(Given material Opens)

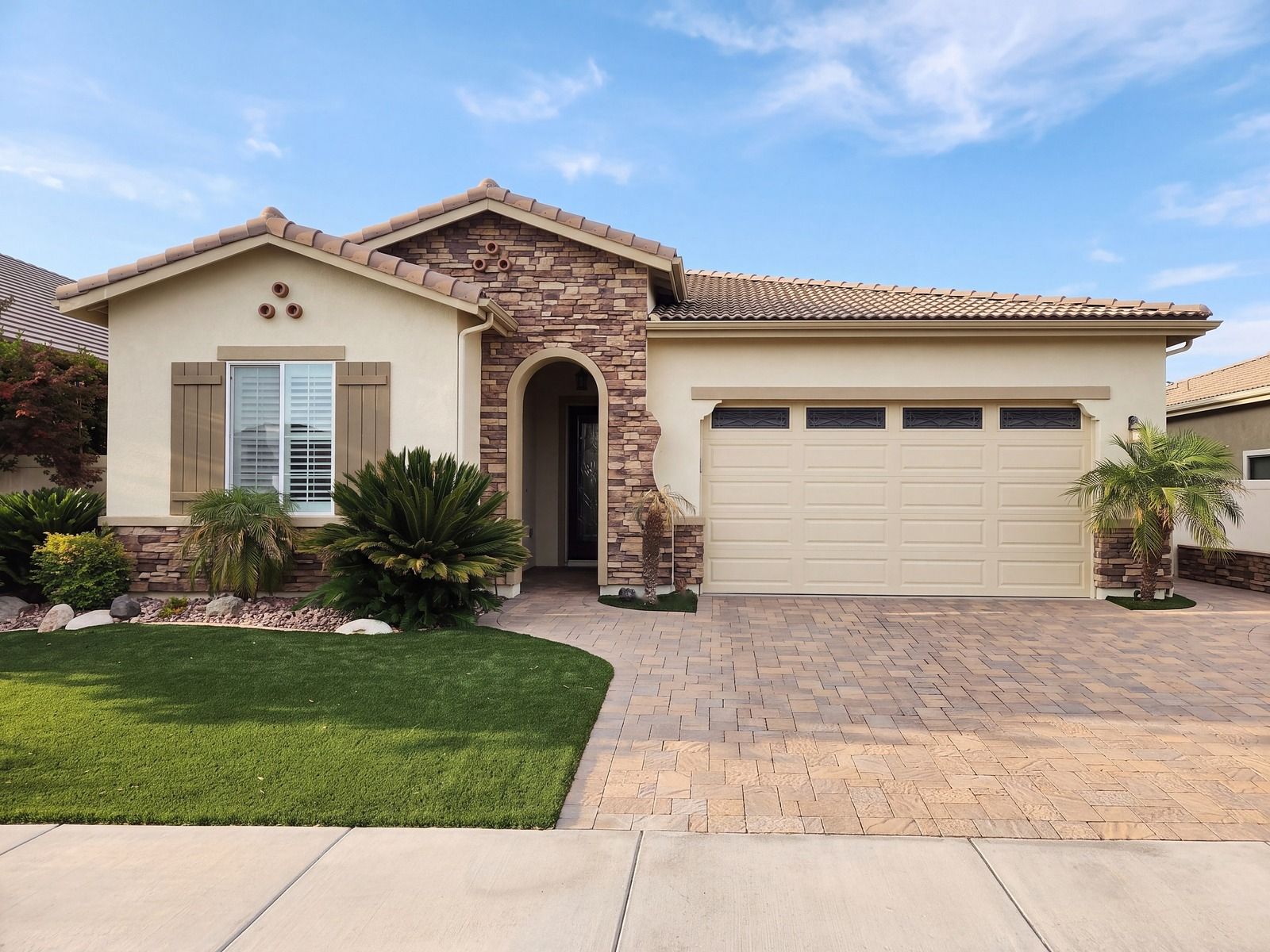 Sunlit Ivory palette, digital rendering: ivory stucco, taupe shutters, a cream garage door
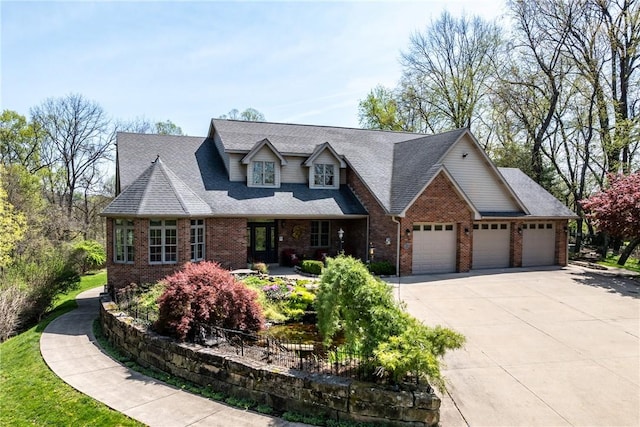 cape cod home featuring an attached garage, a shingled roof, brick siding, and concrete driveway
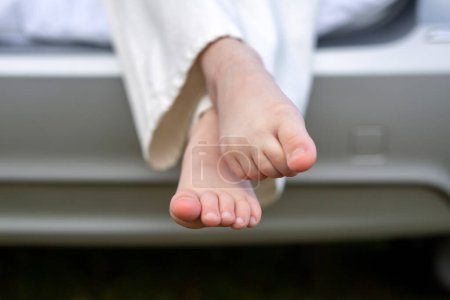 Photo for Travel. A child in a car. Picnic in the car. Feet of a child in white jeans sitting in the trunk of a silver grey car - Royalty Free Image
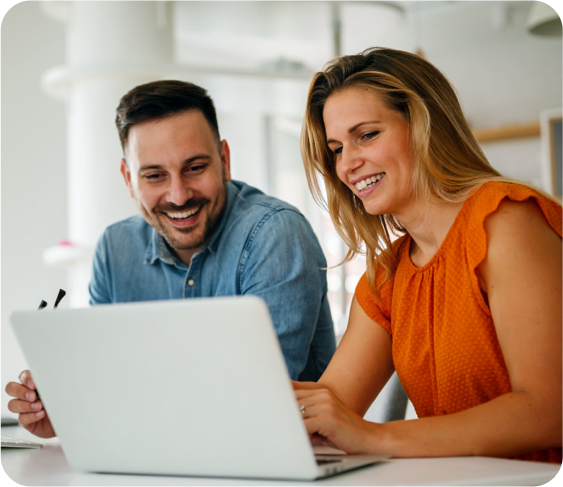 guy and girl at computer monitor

(Given material Closes)

> **Task requirements**: Once the pictures are removed, output the remaining material exactly.

> **Exercise answer**:
 Sunlit Ivory palette, digital rendering: ivory stucco, taupe shutters, a cream garage door
 cape cod home featuring an attached garage, a shingled roof, brick siding, and concrete driveway
 Photo for Travel. A child in a car. Picnic in the car. Feet of a child in white jeans sitting in the trunk of a silver grey car - Royalty Free Image
 guy and girl at computer monitor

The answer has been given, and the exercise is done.